→ Work required
Leaving every picture out, please return exactly the lines from the top of the material below through the line with "Property image 12 of 23", both included.

→ Material shown
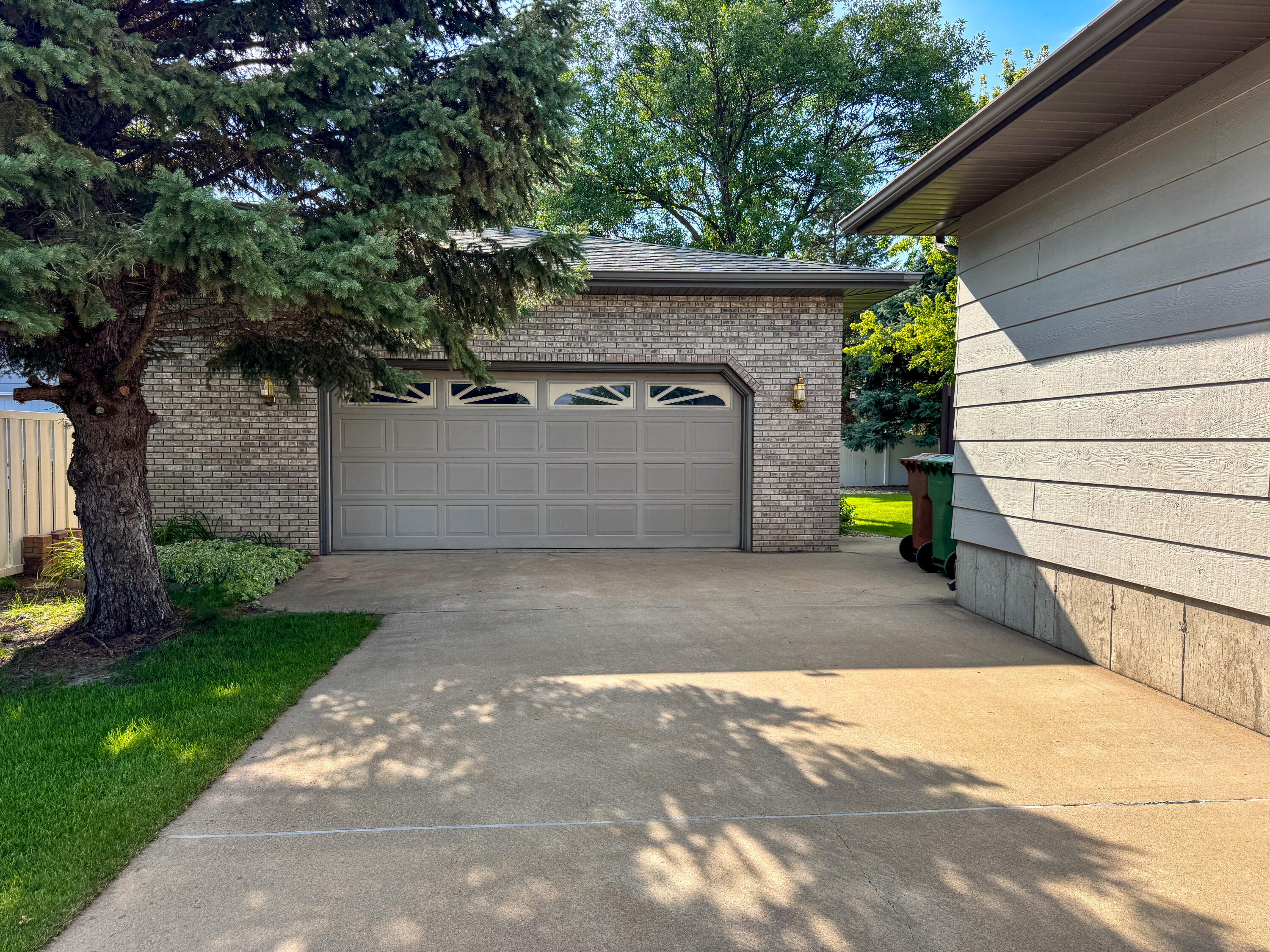 1885 Riverview Dr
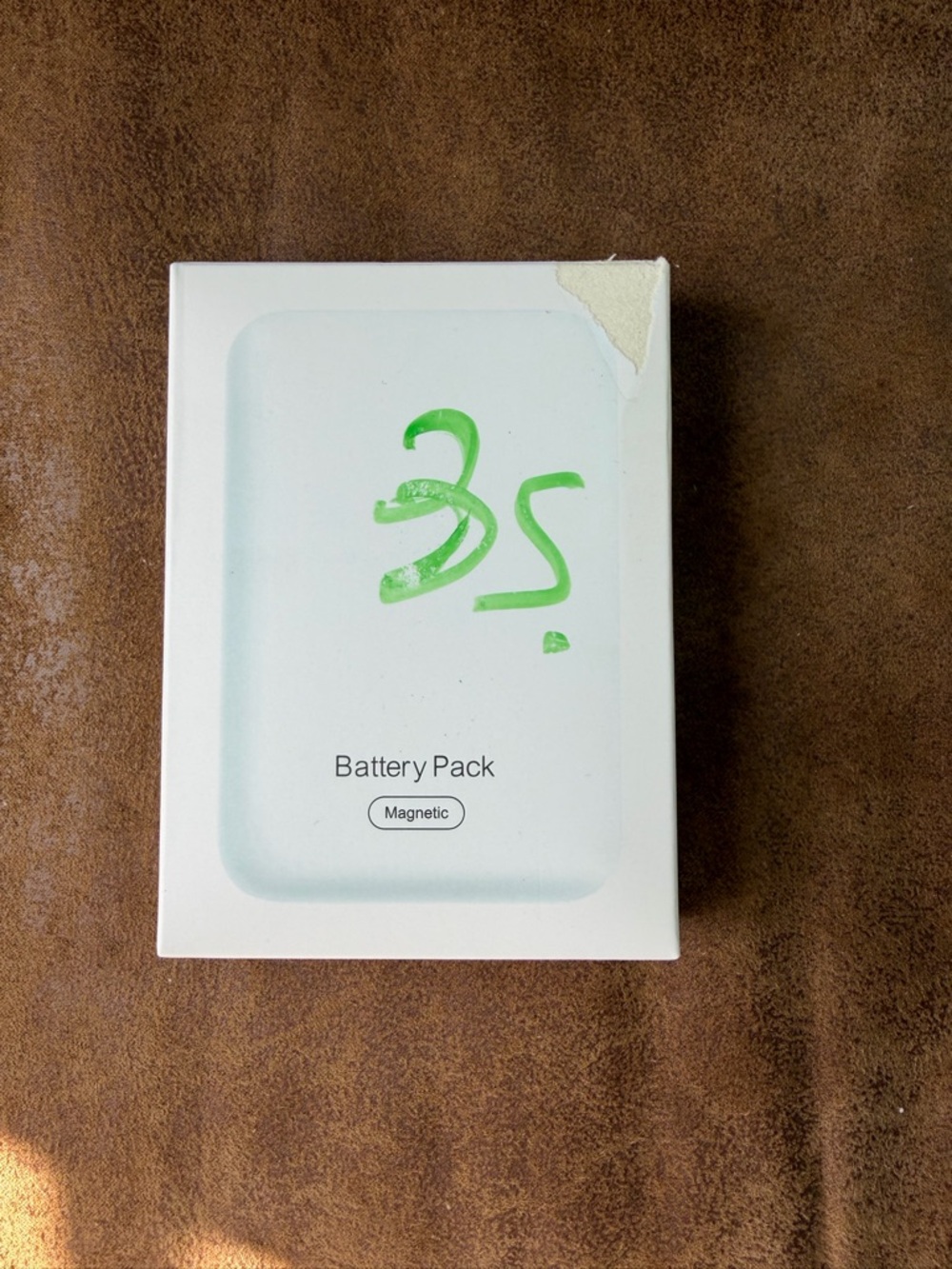 Magnetic Battery Pack Power Bank - White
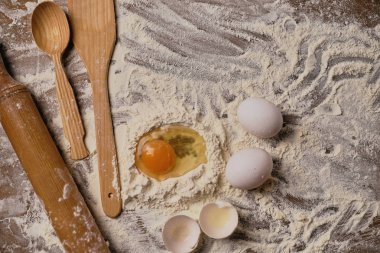 ahşap masa hamur hazırlık için un ve yumurta sarısı kapsamında üstten görünüm 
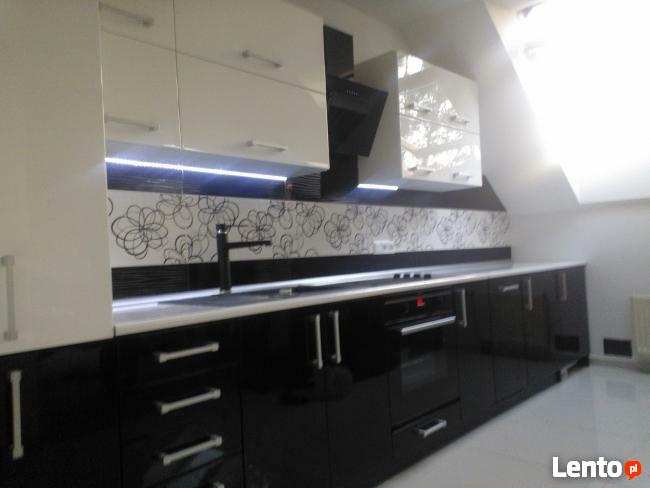 MEBLE NA WYMIAR, KUCHNIE, SZAFY W PRZYSTEPNYCH CENACH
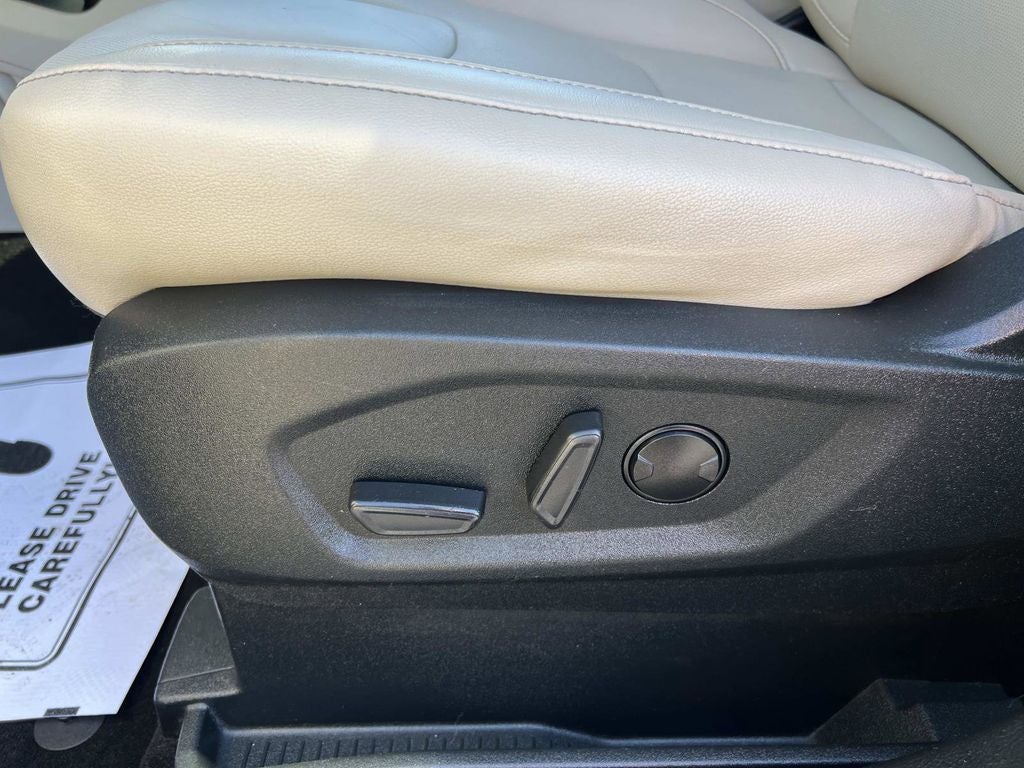 2020 Ford Edge Titanium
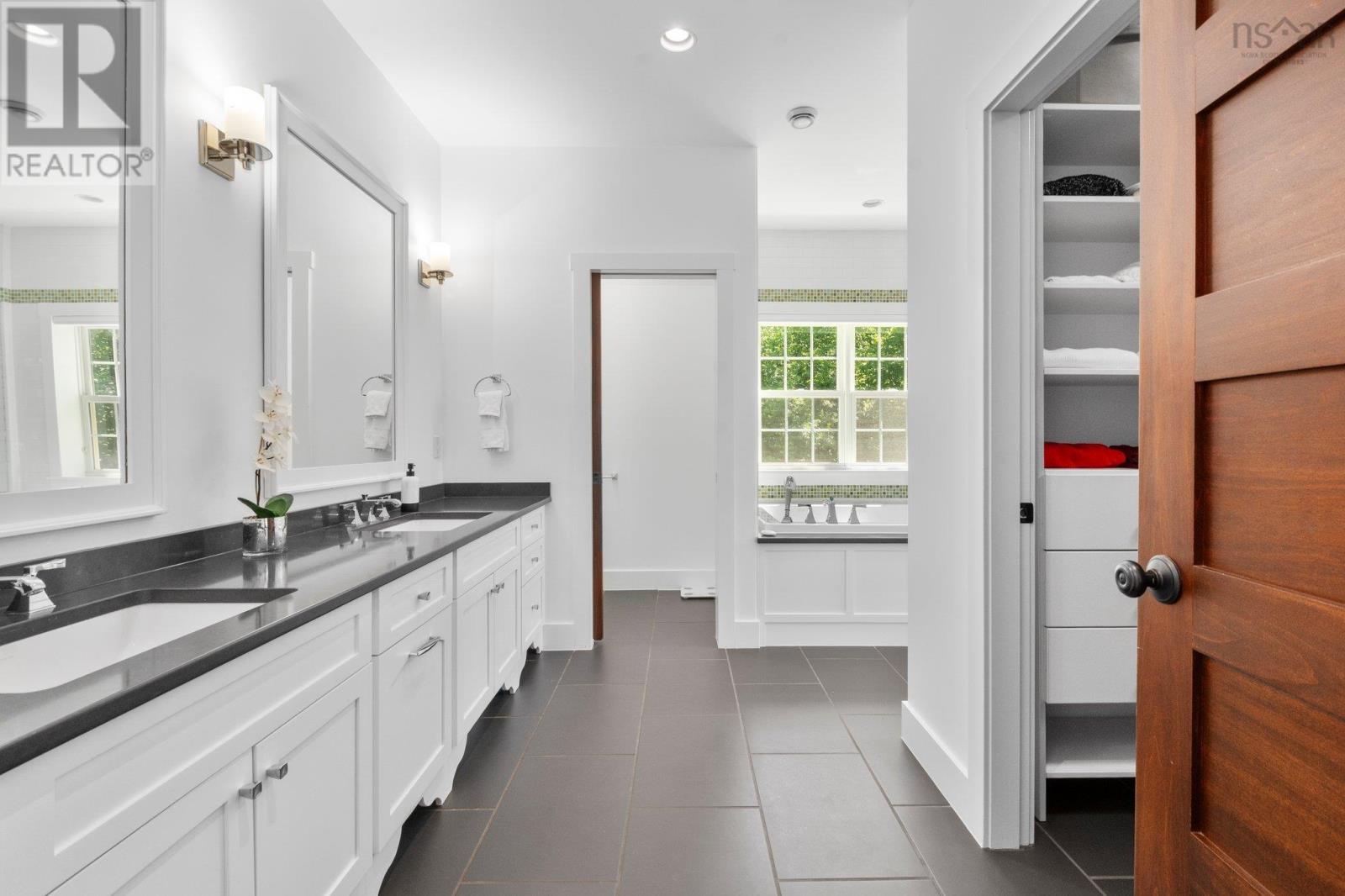 15 Norwood Court Property Photo 30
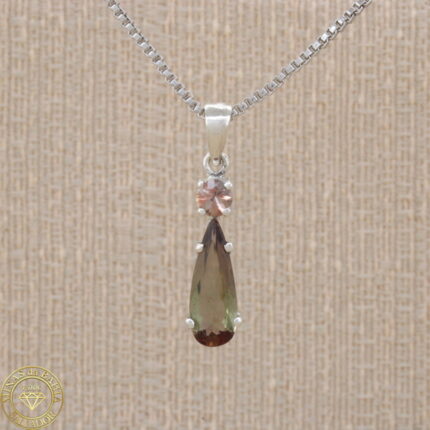 Pingente de andaluzita. 2,19ct. Prata 925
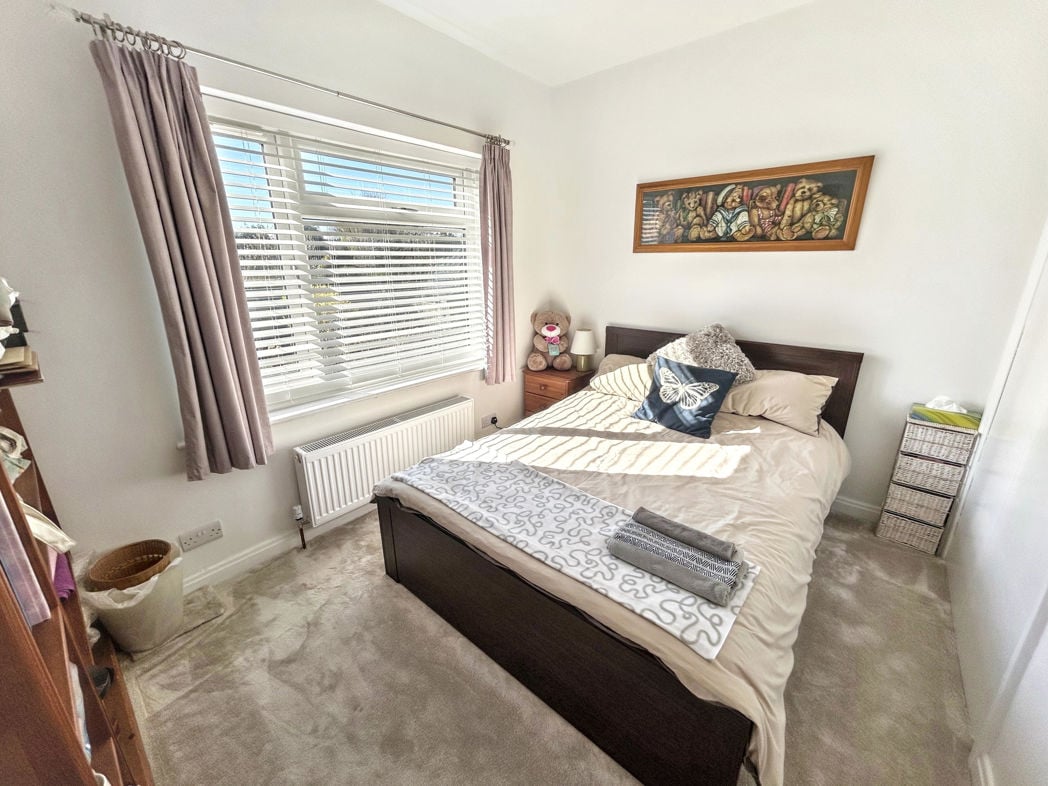 Property image 12 of 23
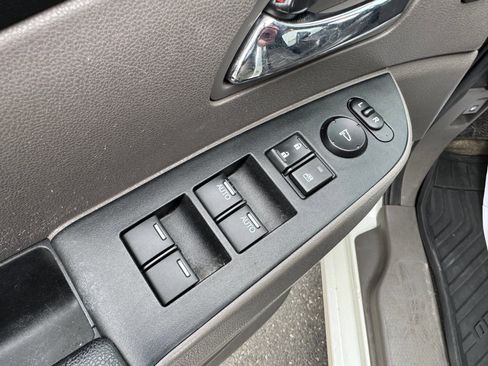 Used 2014 Honda Odyssey Touring Elite image 41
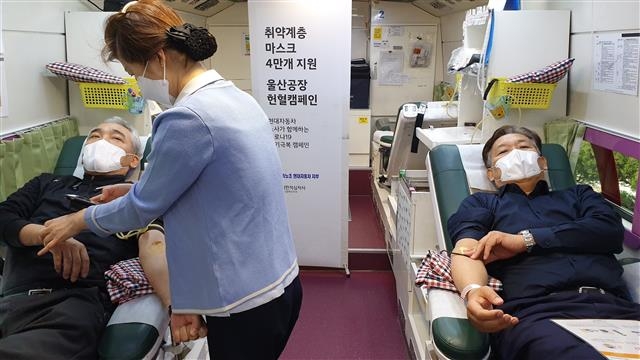 현대자동차 울산공장 직원들이 혈액 수급에 어려움을 겪는 의료 현장을 돕기 위한 헌혈 캠페인에 참여하고 있다.  현대자동차그룹 제공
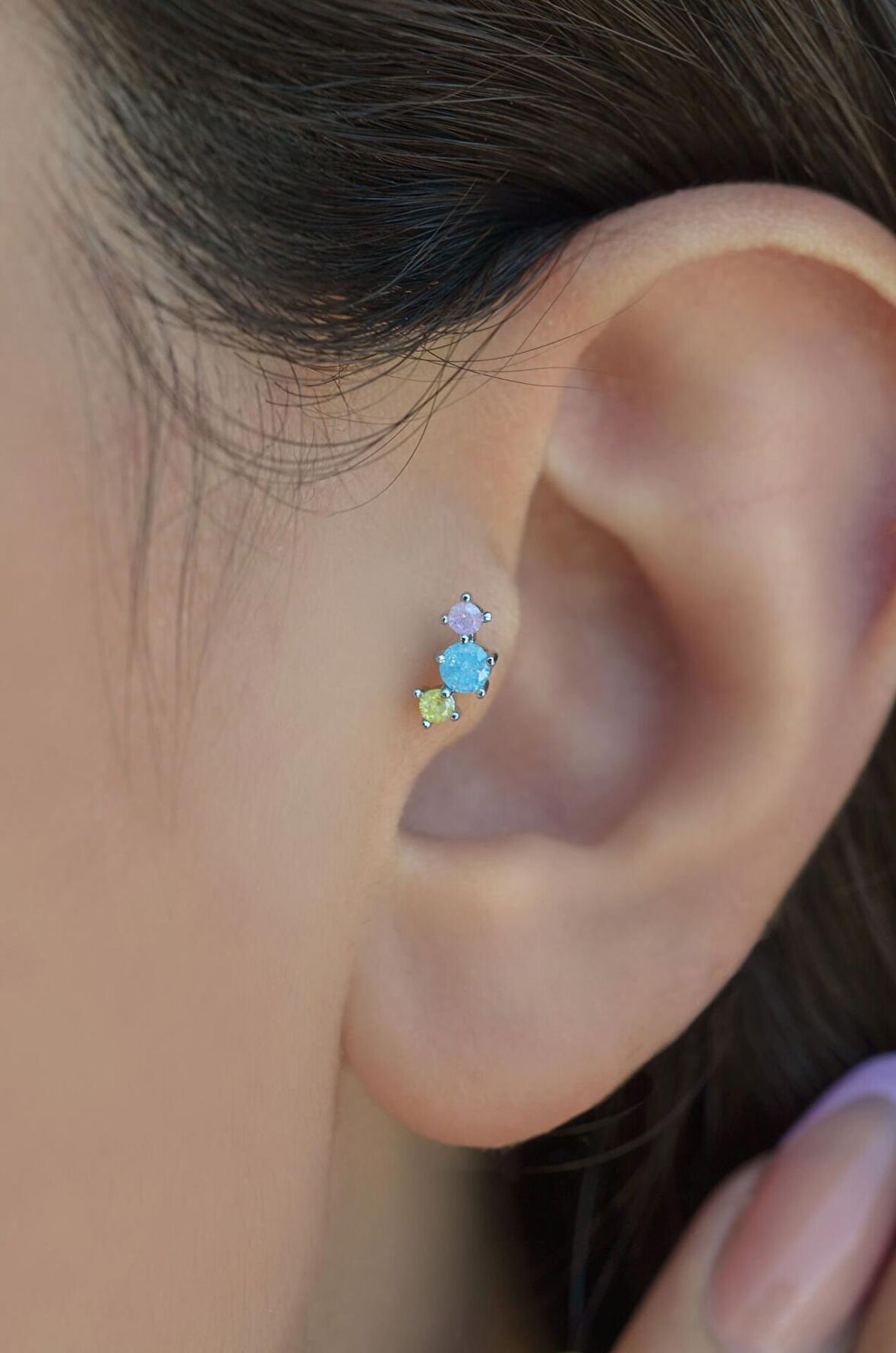 Silver Arkası Düz Çelik Soft Renkli Tragus Piercing Helix Lob Kıkırdak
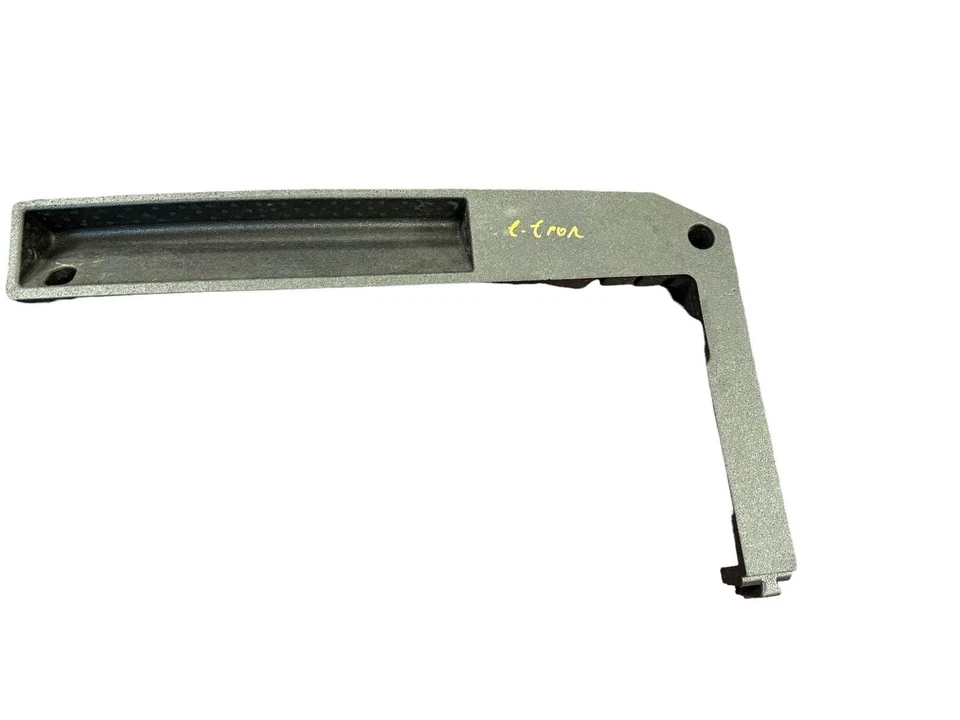 Audi A3 E-Tron 2015-2018 maletero trasero carga neumático de repuesto espuma OEM Foto 1 de 4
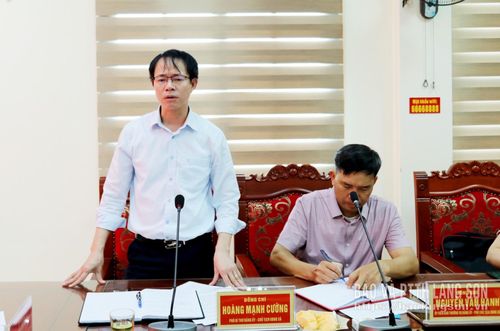 Lãnh đạo UBND xã Đồng Đăng báo cáo những vướng mắc trong thực hiện GPMB phục vụ 2 dự án tại cuộc kiểm tra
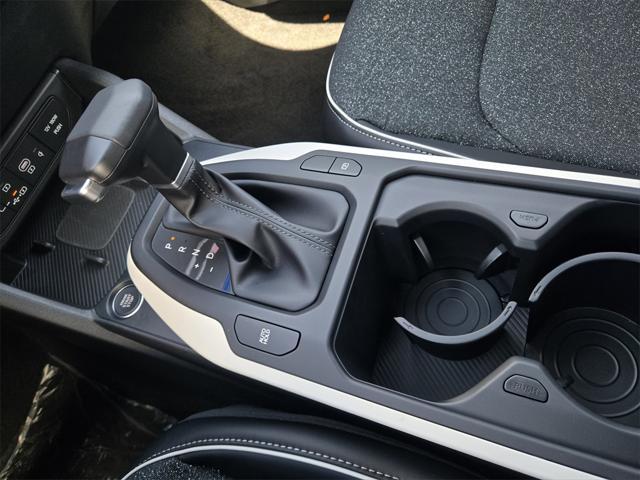 new 2025 Kia K4 car
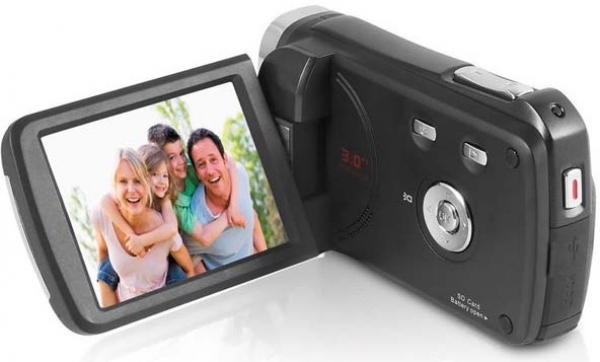Bell & Howell анонсира компактната и евтина видеокамера Rogue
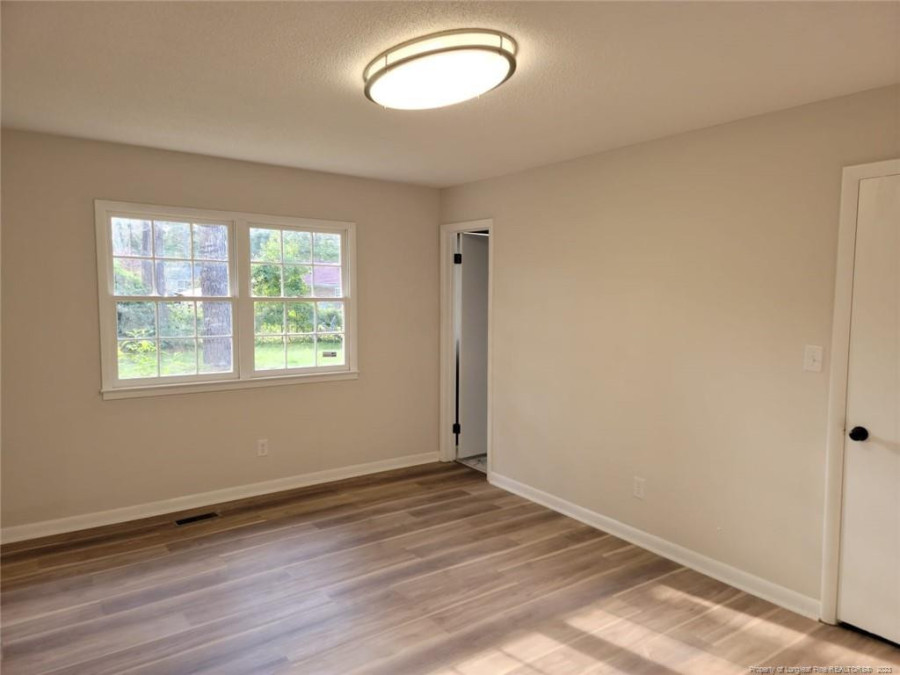 627 Wakefield Fayetteville, NC 28303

→ Task output
 1885 Riverview Dr
 Magnetic Battery Pack Power Bank - White
 ahşap masa hamur hazırlık için un ve yumurta sarısı kapsamında üstten görünüm 
 MEBLE NA WYMIAR, KUCHNIE, SZAFY W PRZYSTEPNYCH CENACH
 2020 Ford Edge Titanium
 15 Norwood Court Property Photo 30
 Pingente de andaluzita. 2,19ct. Prata 925
 Property image 12 of 23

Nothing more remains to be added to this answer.